Last week it seemed like a third round of UN sanctions might happen in spite of the NIE, but already there are signs (this time from South Africa, which holds a non-permanent seat on the Security Council) that international opinion is far from galvanized on the urgency of the measures. Even a watered-down third round would be significant, because it would offer multi-lateral cover for more unilateral American or EU sanctions that might pressure Iran to take a more flexible negotiating position.

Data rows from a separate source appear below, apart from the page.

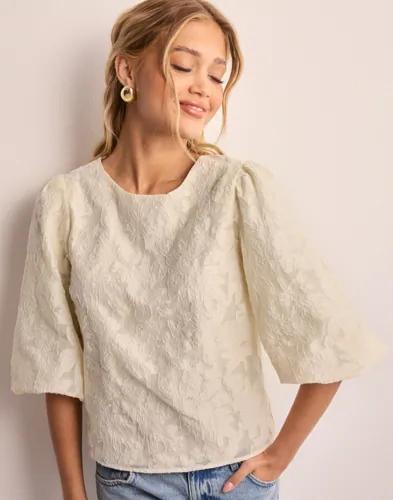 Neo Noir - Vit - Lorraine Brocade Blouse 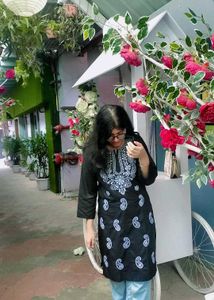 Elegant Black Embroidered Kurta
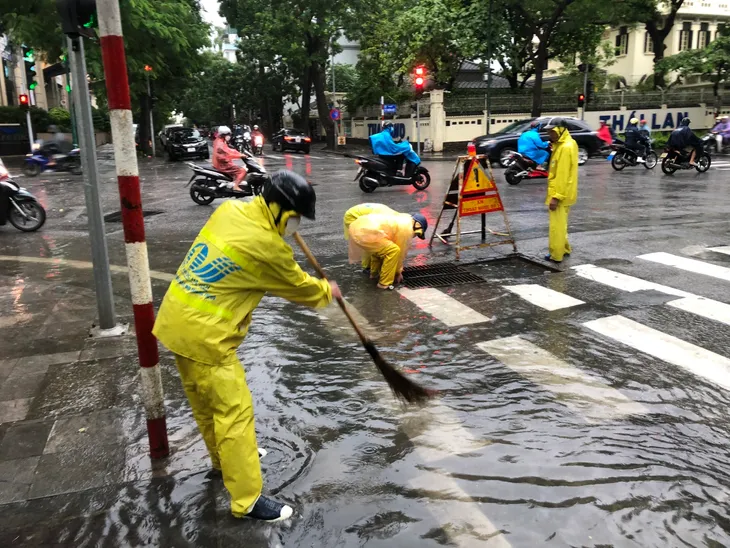 Hà Nội: Mưa lớn cả đêm, nhiều tuyến phố ngập như sông - Ảnh 1. Hà Nội: Mưa lớn cả đêm, nhiều tuyến phố ngập như sông - Ảnh 1.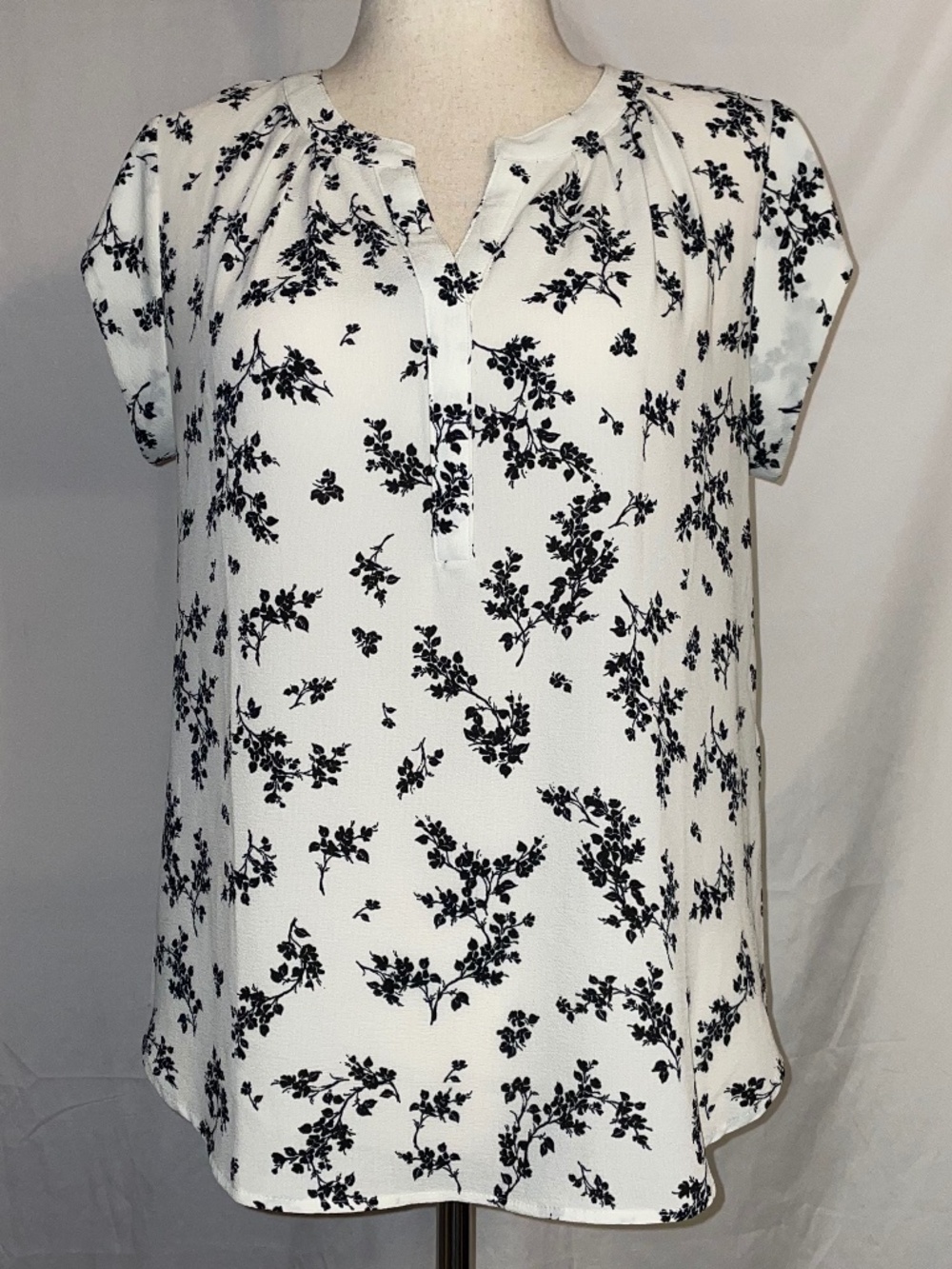 EUC 41 Hawthorn Short Sleeve Blouse Size Medium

But the fact is that there aren't that many promising options left. Iran has a number of pots on the nuclear stove -- mastering the nuclear fuel cycle, experimental labs that the IAEA has yet to inspect, a heavy-water reactor under construction -- all of which could eventually be plugged into a jumpstarted weapons component that has been frozen but not dismantled.
Of course, none of that would happen overnight, and it's not certain that any of it would actually happen at all. But anyone who has taken a close look at this issue and read the NIE carefully has to concede that it's possible. And even if it's true that a nuclear Iran could be deterred, that's still a huge existential burden to place on an already volatile region. It's also an assumption based on a binary theory of deterrence. If the entire region goes nuclear, on the other hand, the calculations become exponentially more complex. And with such short delivery times, the margin for error or miscalculation grows even slimmer.
I'm not sure what the answer is, because there's no way to put the NIE genie back in the bottle. As Bush's recent sabre-rattling tour of the Middle East demonstrated, no one's really taking this administration seriously anymore. Condoleeza Rice has been reduced to basically begging the Iranians to accept our pre-conditions so we can negotiate directly, but really, at this point they've got no incentive to, and have as much as said that they'll wait to see what a new administration offers.
If there's any hope, it's in a third round of UN sanctions, and even that would just be for what it would offer in terms of US and EU sanctions. But it looks like in our zeal to restrain the crazies in Washington, we've unleashed the crazies in Tehran. And now we'll have to live with the consequences.